Cuando apenas el sol comenzaba a calentar y el piar de los pájaros sobre el tejado hacía correr y saltar a la vieja perra, en un vano intento para jugar con ellos, la abuela despertó con una sonrisa.
Sin que nadie la viera y sin hacer el menor ruido, se vistió con sus mejores ropas, calzóse los negros y relucientes zapatos y peinó con ademanes apresurados sus blancas canas.
En la casa, quien más quien menos, dormían todos todavía. Quizás en cualquier otra ocasión les hubiera despertado, para que la acompañaran.
Pero ese día era especial. Ese día, le tocaba ir sola.
Era un día de fiesta, el mejor que nunca tuviera.
Alegre y ágil, sin que le dolieran ya las piernas, olvidando pasados achaques y despreocupándose de viejos dolores, salió afuera.
La vieja perra, arriba en el tejado de la casa, la olió e incluso lanzó un par de alaridos lastimeros. Quizás hubiera querido irse con ella. Pero algo o alguien, nunca lo supo, le diría que no era aún su momento. Y siguió jugando y correteando a los pájaros.
La abuela emprendió el camino a través de los bosques aún húmedos de rocío, cruzando los campos de tierra roja y brillante. No sentía el menor cansancio y apresuraba el paso en su deseo de llegar cuanto antes.
Allá arriba, el llano de Corona despertaba también y se preparaba para vivir un día grande. Era fiesta mayor. Era el día de la patrona, Santa Agnès.
Era fiesta en Corona y fiesta grande para la abuela. Entró en la iglesia – aún era temprano para la misa – y rezó en silencio ante la imagen venerada, dándole las gracias por cosas que sólo ella sabía.
La gente empezaba a llegar al pueblo y el ambiente olía ya a buñuelos, alegría, bailes y celebraciones. Pero a la abuela, ese día, nada de todo eso le llamaba la atención.
En otra ocasión, quizás, se hubiera quedado en la plaza, como hiciera tantas otras veces en pasadas fiestas; habría sonreído y hablado con sus convecinos e, incluso, puede que hubiera bailado alguna ‘curta’, como en sus mejores tiempos.
Pero era su fiesta. Y tenía cosas mejores por hacer.
Siguió caminando y, cuando llegó al bosquecillo desde el cual se divisaba el mar, volvió a sonreír.
A la abuela la estaban esperando.
Ese día, confirmó algo en lo que ella siempre había creído.

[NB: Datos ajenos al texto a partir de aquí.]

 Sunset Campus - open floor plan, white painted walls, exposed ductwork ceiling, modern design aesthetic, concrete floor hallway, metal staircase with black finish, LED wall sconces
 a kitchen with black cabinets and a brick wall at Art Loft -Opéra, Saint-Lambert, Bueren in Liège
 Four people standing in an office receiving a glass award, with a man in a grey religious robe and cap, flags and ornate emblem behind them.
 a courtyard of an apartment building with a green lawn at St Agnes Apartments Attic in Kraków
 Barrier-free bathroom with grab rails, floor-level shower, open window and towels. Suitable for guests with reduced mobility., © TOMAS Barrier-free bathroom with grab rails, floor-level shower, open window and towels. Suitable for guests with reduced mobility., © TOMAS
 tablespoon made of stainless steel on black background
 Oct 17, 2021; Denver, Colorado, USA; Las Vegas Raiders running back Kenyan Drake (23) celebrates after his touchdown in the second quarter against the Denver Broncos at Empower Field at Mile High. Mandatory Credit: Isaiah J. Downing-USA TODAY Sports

A veces les hablaba a sus nietos de hadas y de duendes y si se reían, o no le hacían demasiado caso, pensaba que ya les llegaría a ellos la ocasión.
Si la hubiera conocido el poeta, quizás la hubiese incluído en esa minoría de gentes «que entienden el lenguaje de las cosas mudas».
Pero a ella, igual le daba… A la abuela sólo le importaba, ahora, que esas figurillas gráciles e invisibles -casi siempre, al menos- la habían cogido de la mano y con cariño, con dulzura, la llevaban hacia una gran puerta donde brillaba una intensa luz blanca.
La llevaban a la fiesta que ese día y sólo para ella habían preparado.
Y mientras, allá en la casa, unos hijos y unos nietos lloraban ante lo que ya era «una vieja corteza», como dijo una vez el Principito al aviador.
Lloraban a un cuerpo vacío y empezaban a ‘passar es missatge’ para avisar a familiares, amigos y vecinos y a ultimar todos los preparativos para llevarla a su última morada terrenal. Pero hacía tiempo ya, desde la salida del sol, que la abuela no estaba entre ellos.
La abuela, junto a duendes traviesos, hadas juguetonas y espíritus de los bosques, jugaba y sonreía, esperando que le llegara el turno de cruzar la puerta blanca.
Ese día,el día de la patrona de su pueblo, la abuela se fue a su fiesta.
(Escrito en memoria y homenaje a mi abuela paterna, fallecida en 1989, el 21 de enero, festividad de Santa Inés (Agnès). Lo dedico también a la memoria y recuerdo de mi madre, fallecida en 2015. En la foto, tomada en la puerta de la vieja casa familiar en Santa Agnès, con apenas un año de edad estoy en brazos de mi abuela Catalina. Mi madre, sentada al lado, está cosiendo).